Source: Southern Weekly
Reported by: Feng Jie
October 1, 2011
Pollution: a Deadly Sin
China’s industrial parks are engines of the country’s booming economy, yet they also are major sources of pollution. According to a report released recently by the China Environment Federation, a non-governmental organization administered by the country’s Department for the Environment, these large-scale production areas are directly linked to several recent scandals. Notable among these scandals are Dalian Petrol Industrial Park’s PX project and Xiqiao Industrial Park’s chromium pollution in Luliang County, Yunnan Province. The Report on the Investigation of Environmental Problems in China’s Industrial Parks (hereafter referred to as “Report”) was produced by the Inspection Litigation Department within the Law Center of the China Environment Federation. The Report finds that more and more legal cases point to industrial parks as major sources of pollution.

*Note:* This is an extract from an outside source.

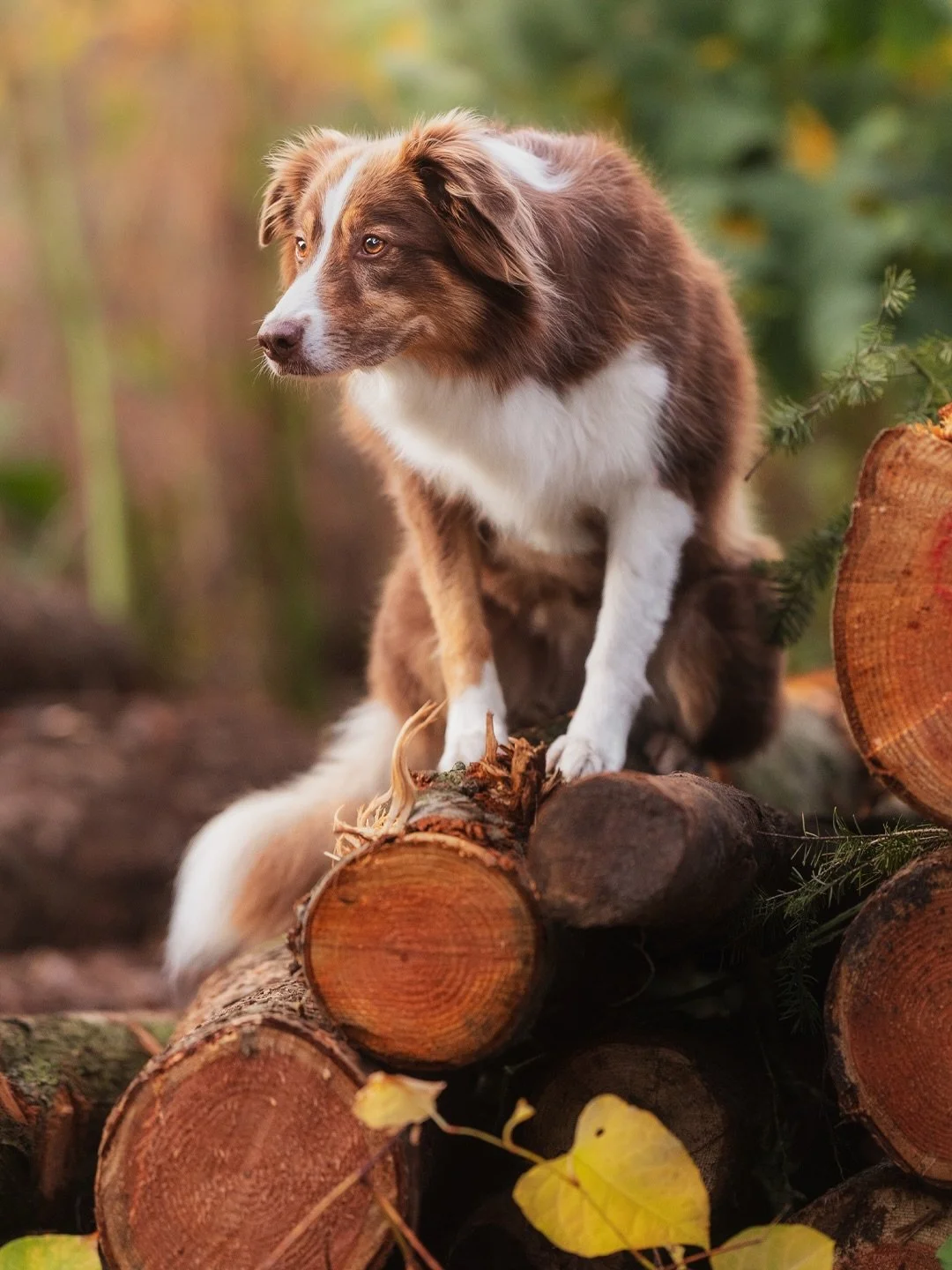 Dagmar &amp; ihre Elli 🍂

Ein herbstlicher Fotospaziergang in perfekten Bedingungen. Das durfte ich letzten Herbst mit Dagmar und ihrer bildh&uuml;bschen Elli erleben. Und Elli hatte richtig Spa&szlig; und hat einfach perfekt abgeliefert 😍

➡️ Egal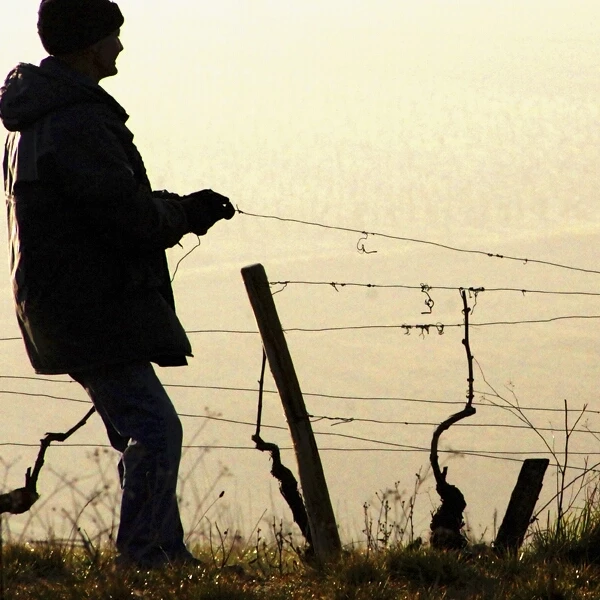 Cabernet Sauvignon 5 l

To understand conditions in industrial parks, the Inspection Litigation Department of the China Environment Federation conducted an eight-month investigation in 2010 of 18 industrial parks in eight provinces. The study included two national and seven provincial industrial parks, which are located along major rivers and other important sources of water. According to the Report, all nine of these industrial parks generate water pollution; 78 percent of them give off air pollution and 17 percent produce solid waste pollution. The Report also states that thirteen industrial parks are suspected of emptying their waste water directly into rivers.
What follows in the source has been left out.